What you need to do: Output must consist only of the lines of the material below from the one with "Organised moving day" through the one with "bathroom with tiled shower", each reproduced exactly; no pictures belong in it.

Records for the exercise:
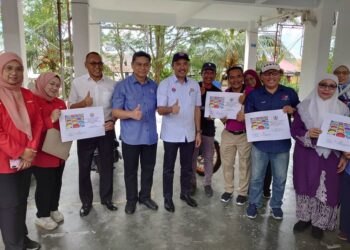 MOHD. JAFNI MD. SHUKOR (tengah) bergambar dengan beberapa penghuni selepas melawat flat awam di Kangkar Pulai, Johor Bahru.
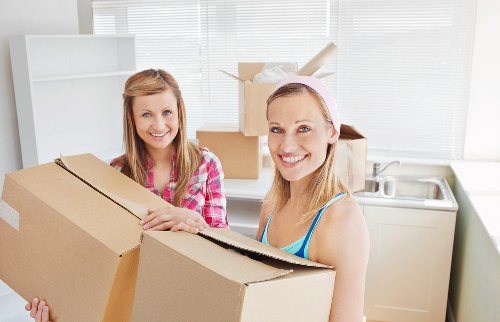 Organised moving day in Belsize Park with furniture and boxes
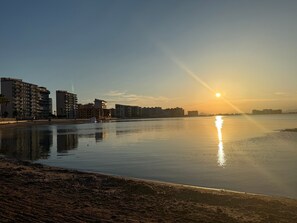 Una orilla tranquila con edificios al fondo.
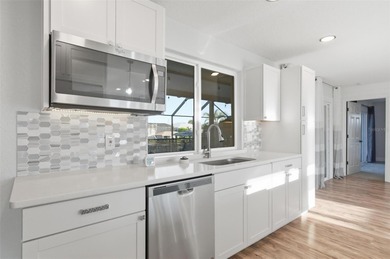 Exquisite Waterfront Oasis - Discover coastal luxury at its on Palm Harbor Golf Club in Florida - for sale on GolfHomes.com, golf home, golf lot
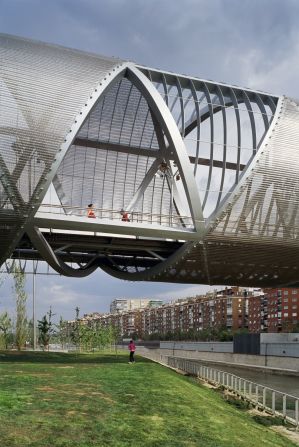 The metallic cone shape encases the structure with a walkway made from wooden slats. 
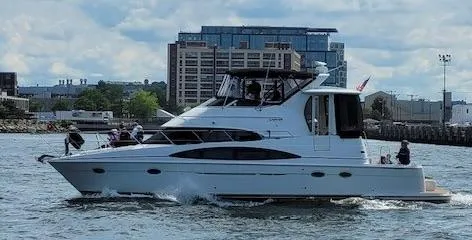 Slide: The Image of 2002 Carver 444 Cockpit Motor Yacht cruising on water near urban backdrop. - 2
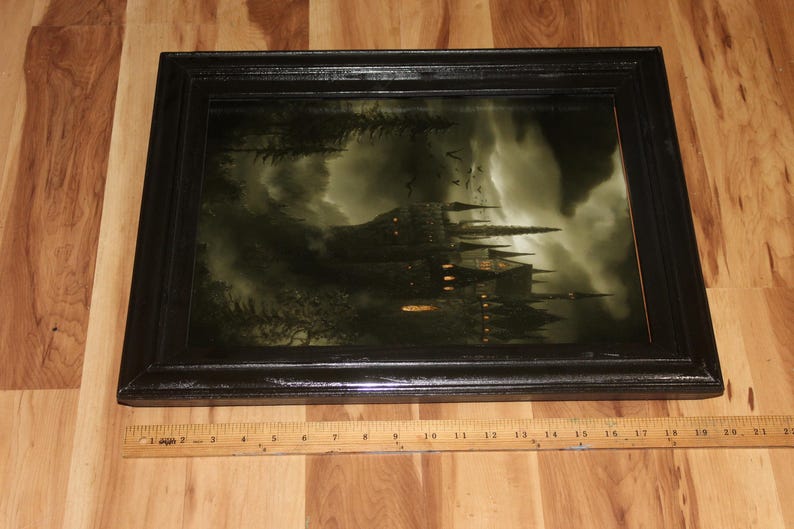 May include: A framed print depicting a gothic castle under a stormy sky. The castle has multiple spires and lit windows. The frame is black and rectangular. A wooden ruler is placed below the frame.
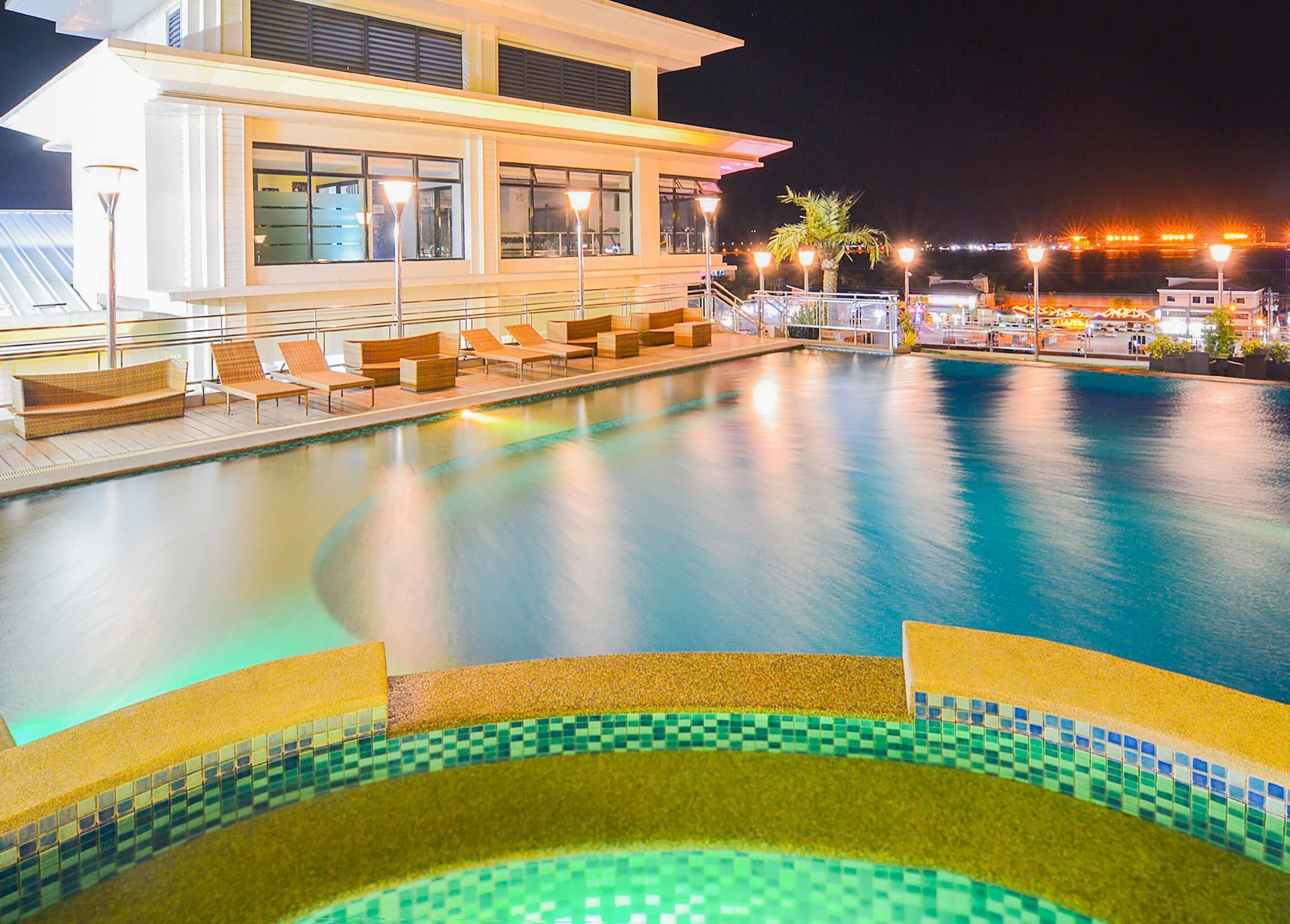 A swimming pool with lounge chairs and a tiled edge, surrounded by a building with large windows and outdoor lighting.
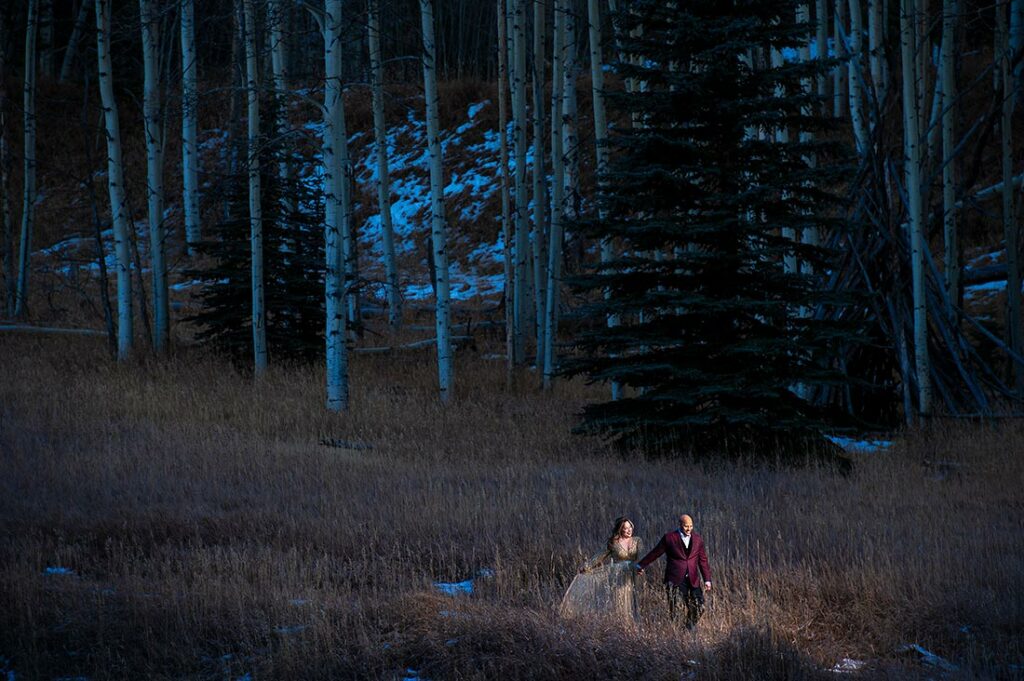bride and groom to be walking in the woods during Pueblo engagement session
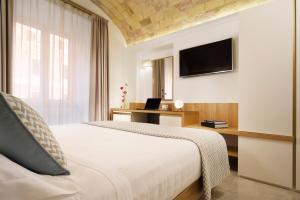 sypialnia z łóżkiem, biurkiem i telewizorem w obiekcie Magica Luna Boutique Hotel - Roma w Rzymie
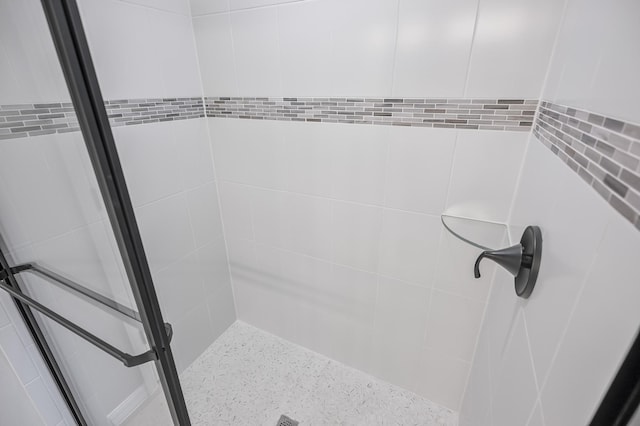 bathroom with tiled shower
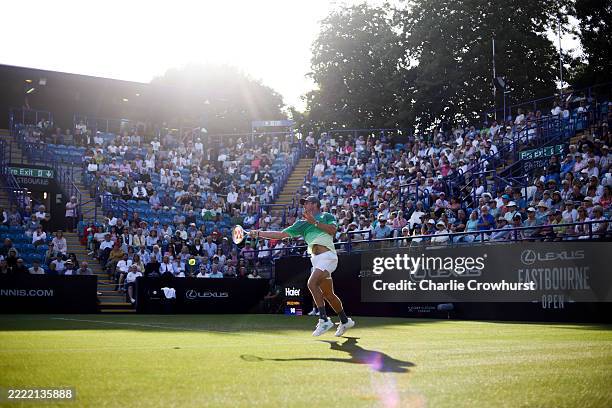 Tommy Paul of United States plays a forehand against Dan Evans of Great Britain during the Men's Second Round match on Day Three of the Lexus...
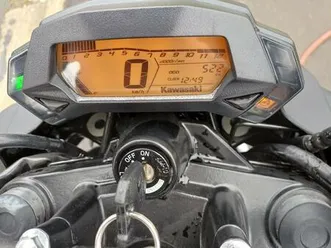 ② kawasaki z 125 cc quasiment neuve .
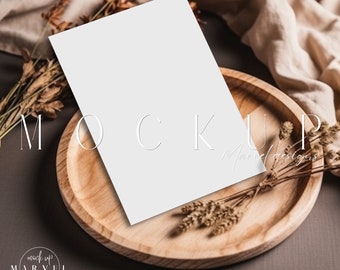 May include: A blank white card mockup on a wooden plate with dried flowers and a beige fabric in the background. The text "MOCKUP" is written in white on the plate.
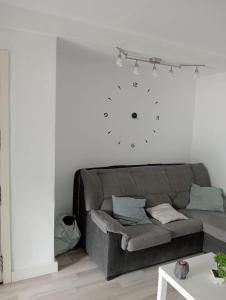 a couch in a living room with a clock on the wall at Alojamiento cerca de la Playa in Valencia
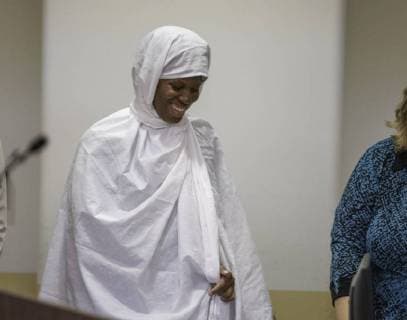 August 13, 2018 - Taos, NM, U.S. - Albuquerque Journal.hearing for the five adults charged with child abuse in the Amalia compound case were in court Monday afternoon to see judge Sarah C. Backus. Pictured is Subhannah Wahhaj(Cq) smiles after she learns she will be released from jail. .Taos, New Mexico Albuquerque Journal Taos U.S. - ZUMAab1_ 20180813_zaf_ab1_022 Copyright: xRobertoxE.xRosalesx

Solution to the problem:
 Organised moving day in Belsize Park with furniture and boxes
 Una orilla tranquila con edificios al fondo.
 Exquisite Waterfront Oasis - Discover coastal luxury at its on Palm Harbor Golf Club in Florida - for sale on GolfHomes.com, golf home, golf lot
 The metallic cone shape encases the structure with a walkway made from wooden slats. 
 Slide: The Image of 2002 Carver 444 Cockpit Motor Yacht cruising on water near urban backdrop. - 2
 May include: A framed print depicting a gothic castle under a stormy sky. The castle has multiple spires and lit windows. The frame is black and rectangular. A wooden ruler is placed below the frame.
 A swimming pool with lounge chairs and a tiled edge, surrounded by a building with large windows and outdoor lighting.
bride and groom to be walking in the woods during Pueblo engagement session
 sypialnia z łóżkiem, biurkiem i telewizorem w obiekcie Magica Luna Boutique Hotel - Roma w Rzymie
 bathroom with tiled shower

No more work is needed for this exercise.